After reviewing first 3 location, we can consider Roanoke might be the best possible location to start a Indian Restaurant.
For Roanoke:76262
Pros:
    1. No Indian / Indo Chinese Restaurants
    2. Big Office complex (i.e.
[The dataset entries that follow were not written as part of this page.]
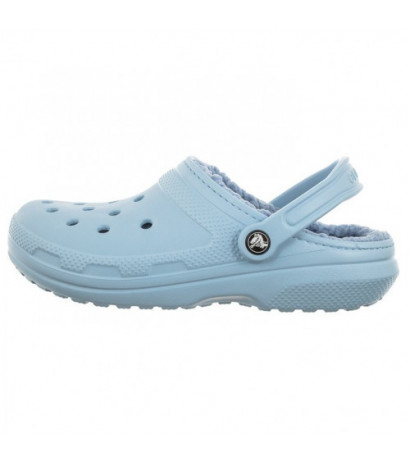 Crocs Classic Lined Clog Blue Calcite 203591-4NS (CR266-d) Sieviešu apavi/Flip Flops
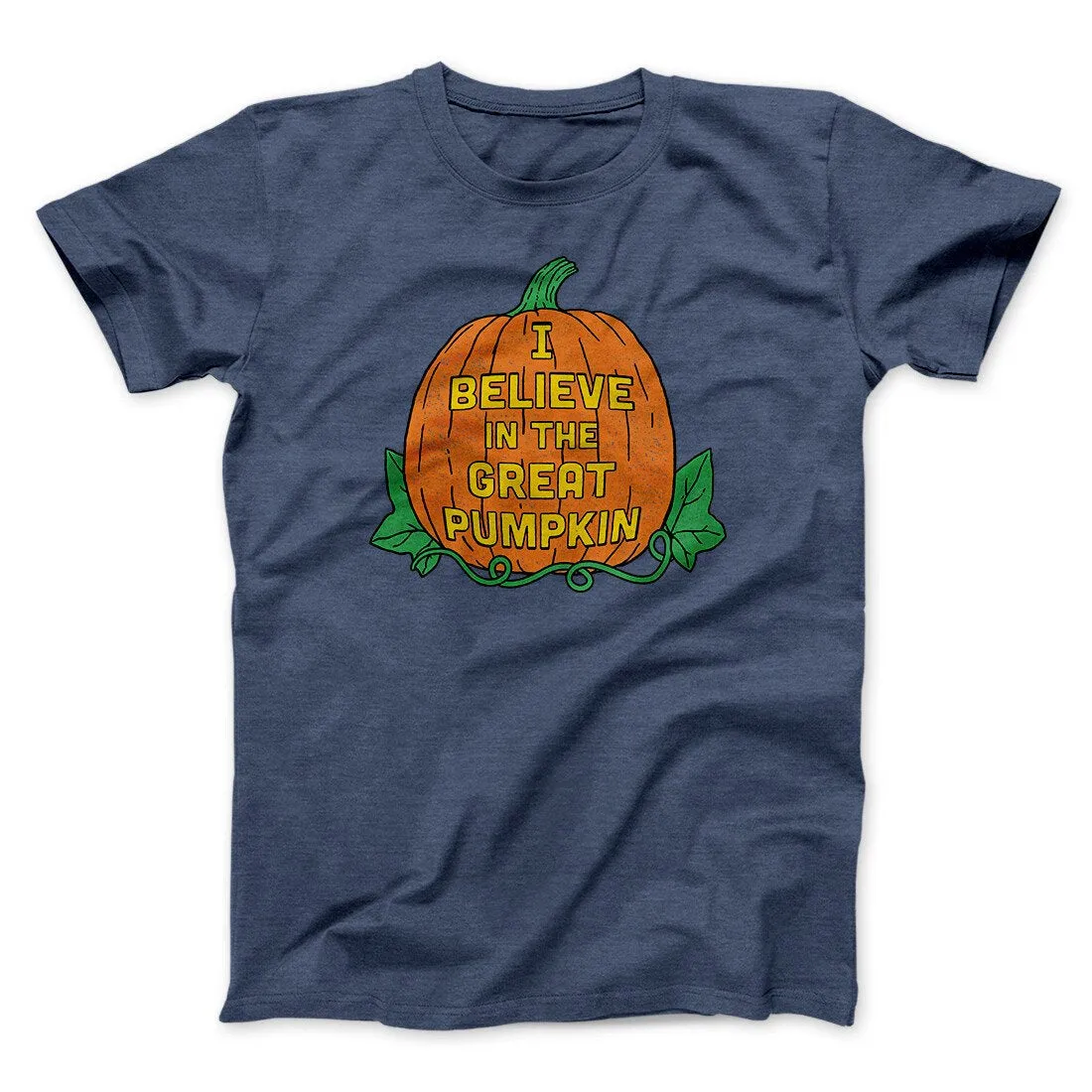 I Believe In The Great Pumpkin Men/Unisex T-Shirt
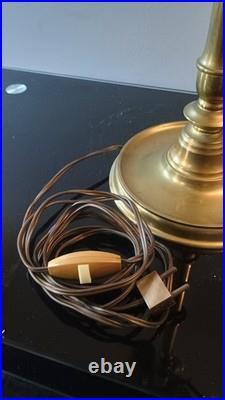 Lampadaire Lampe de table signé maison Malabert 1930 Art Déco DLG bagues Quinet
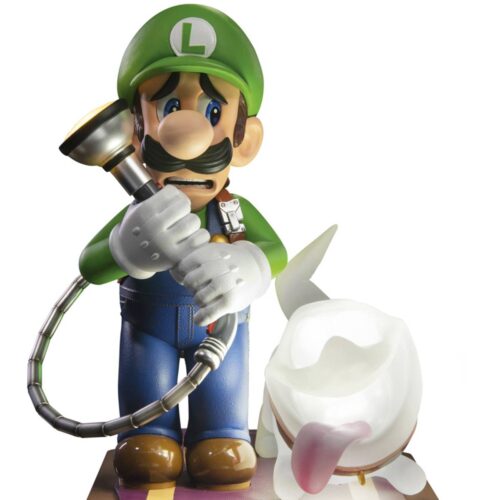 STL260902 LUIGIS MANSION 3 PVC STATUE COLLECTORS ED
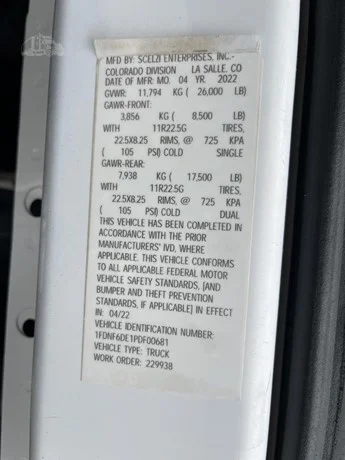 2023 Ford F-650 in Salt Lake City, UT — photo 34
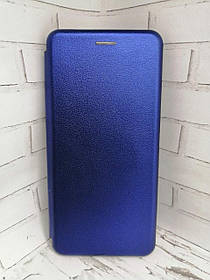 Чохол-книжка для ZTE Blade A51 з бічною підставкою синій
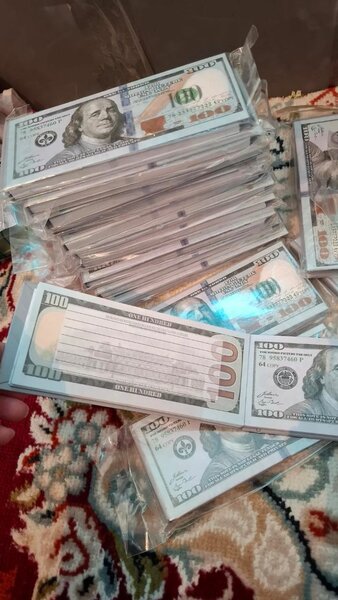 Блокнот Заметки в виде доллара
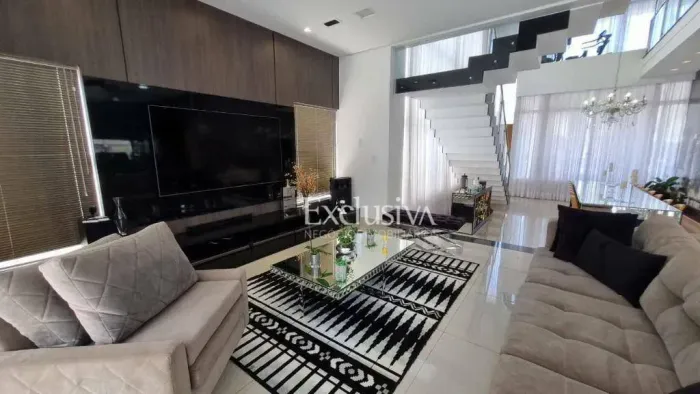 Sobrado com 4 suítes para alugar, 370 m² - Condomínio Alphaville II, Vivendas Do Arvoredo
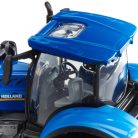 Bburago 1:50 New Holland T7.315 traktor homlokrakodóval 18-31630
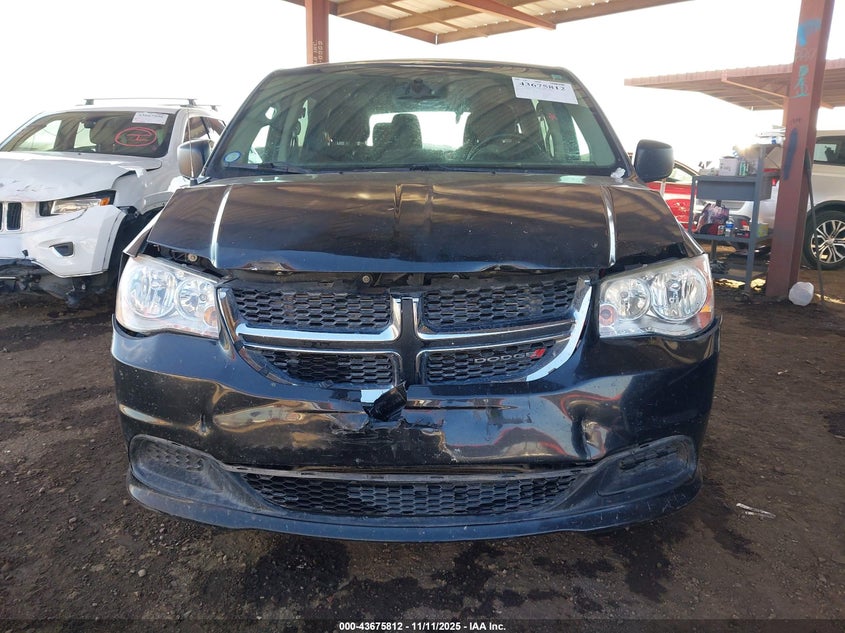 2016 DODGE GRAND CARAVAN AMERICAN VALUE PKG 2C4RDGBG5GR263566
Charles Shwab, Fedelity, Sabre etc) and shopping places are near by this area
    3. Considerable number of Residential complexes are there in the area
    4. As the Property Taxes are less in this area compare to other places in DFW area and Property prices are high in other 
        places, now Asian community is growing considerably in this area.
    
 Cons:
     1. Asian Community is less compared to other locations.